Work to be completed
Write out the line that holds "Liberty and similar" together with every line that follows it to the end of the material below, exactly. Omit the pictures.

======== Excerpted data ========

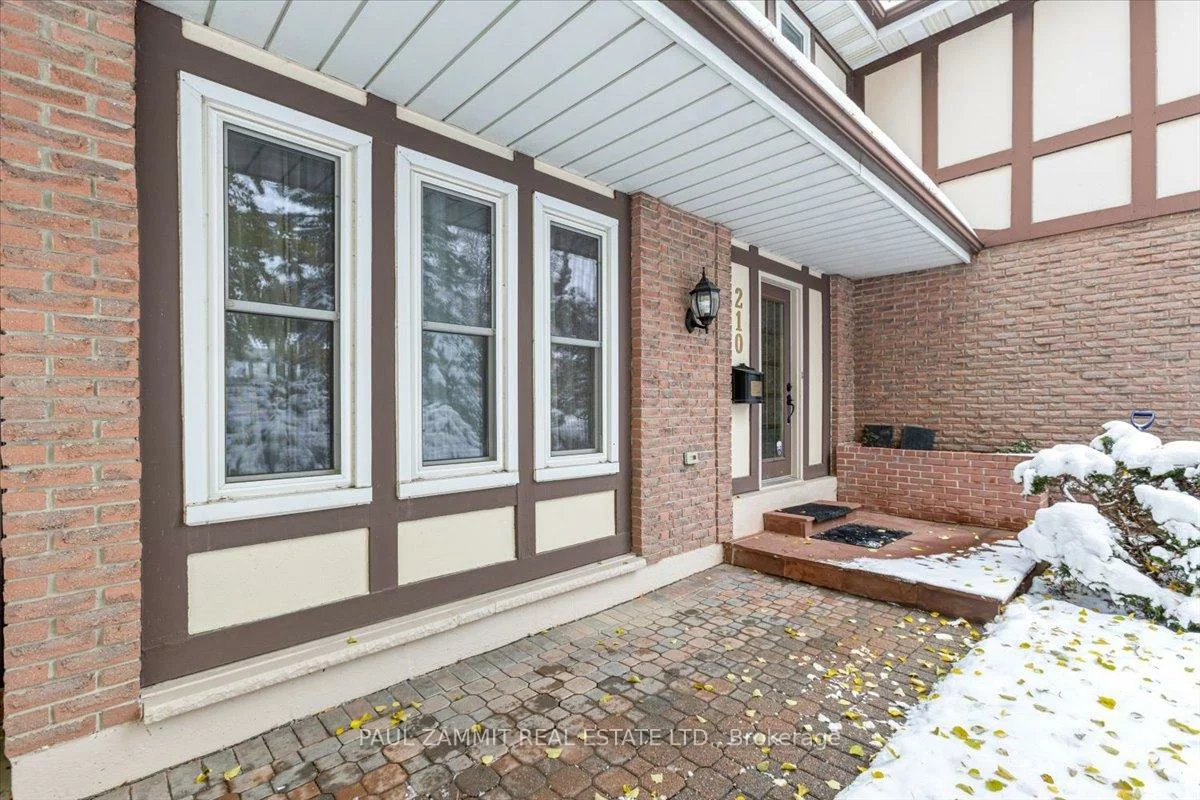 210, Bayview Fairways, Bayview Fairway-Bayview Country Club Estates, Markham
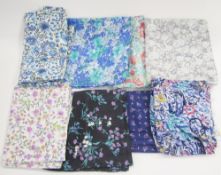Liberty and similar fabrics, remnants and pieces, all with their measurements (1 box)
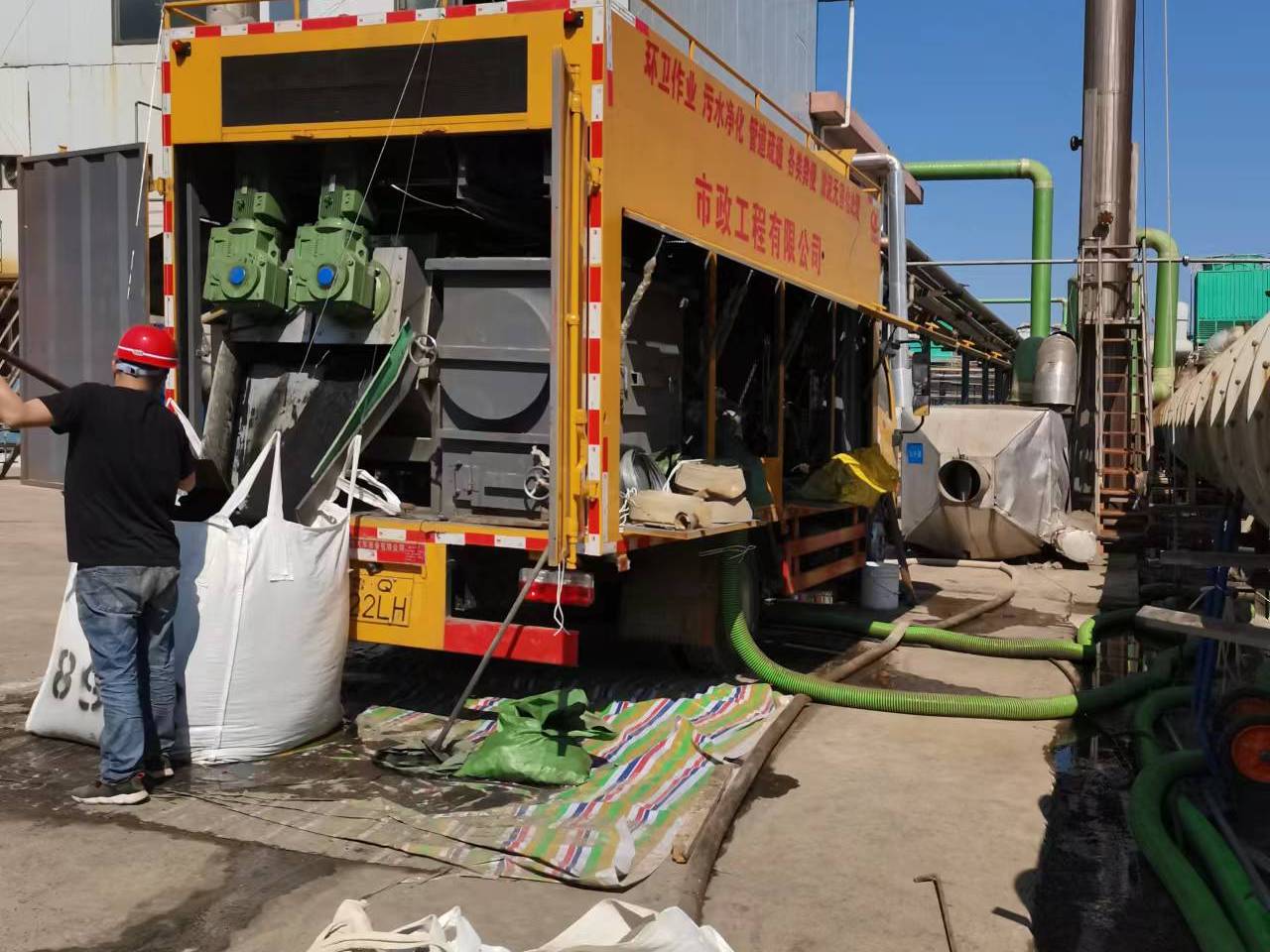 阜康淤泥压干处理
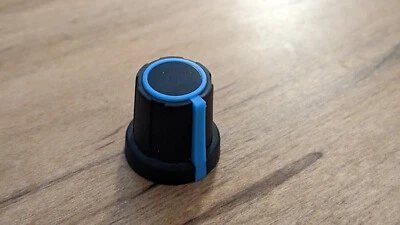 Shure SCM800/SCM810 Knob Replacement - Blue - Image 1 of 2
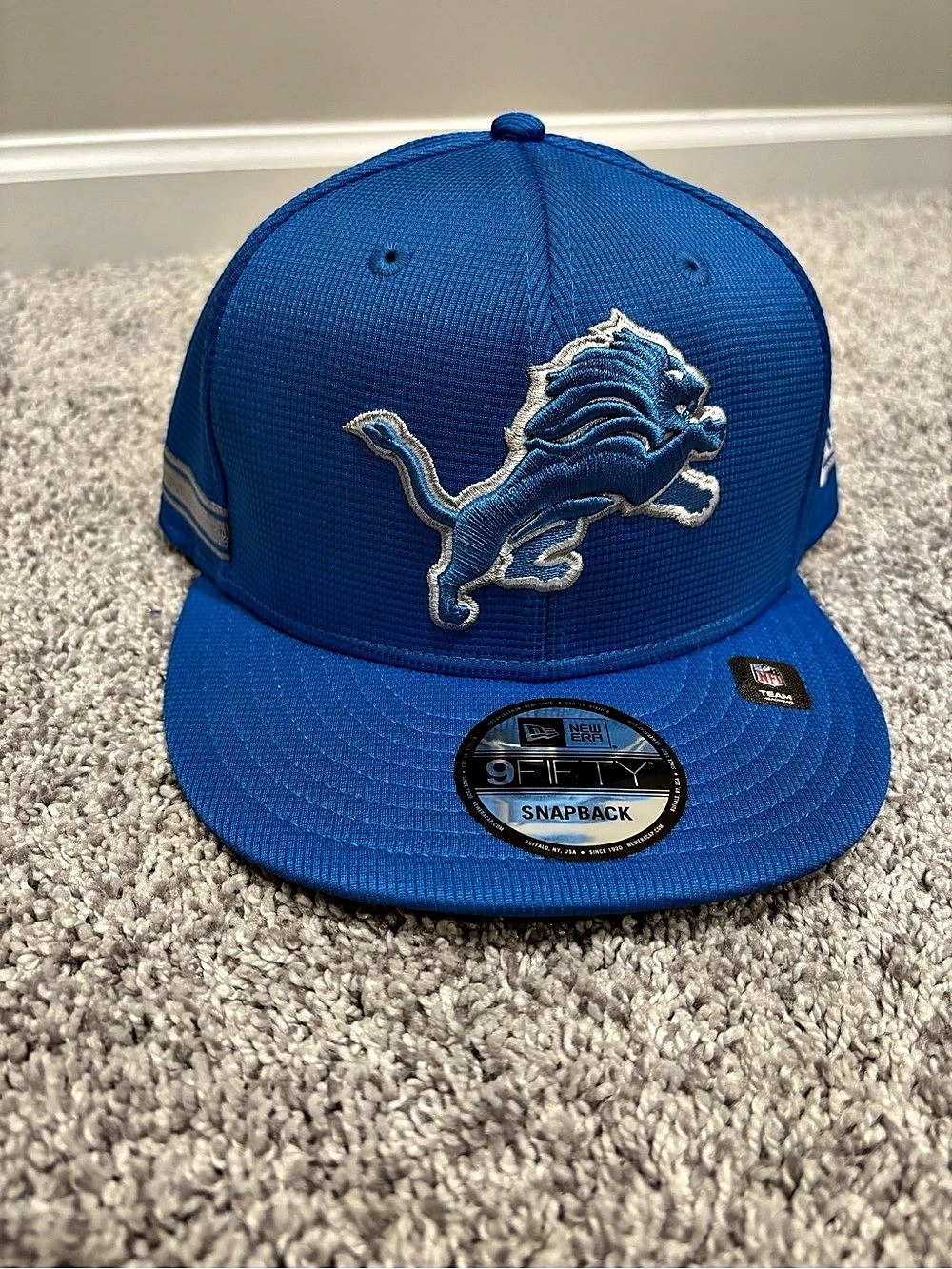 Brand New Detroit Lions NFL snapback hat by New Eea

========

Exercise result
Liberty and similar fabrics, remnants and pieces, all with their measurements (1 box)
 阜康淤泥压干处理
 Shure SCM800/SCM810 Knob Replacement - Blue - Image 1 of 2
 Brand New Detroit Lions NFL snapback hat by New Eea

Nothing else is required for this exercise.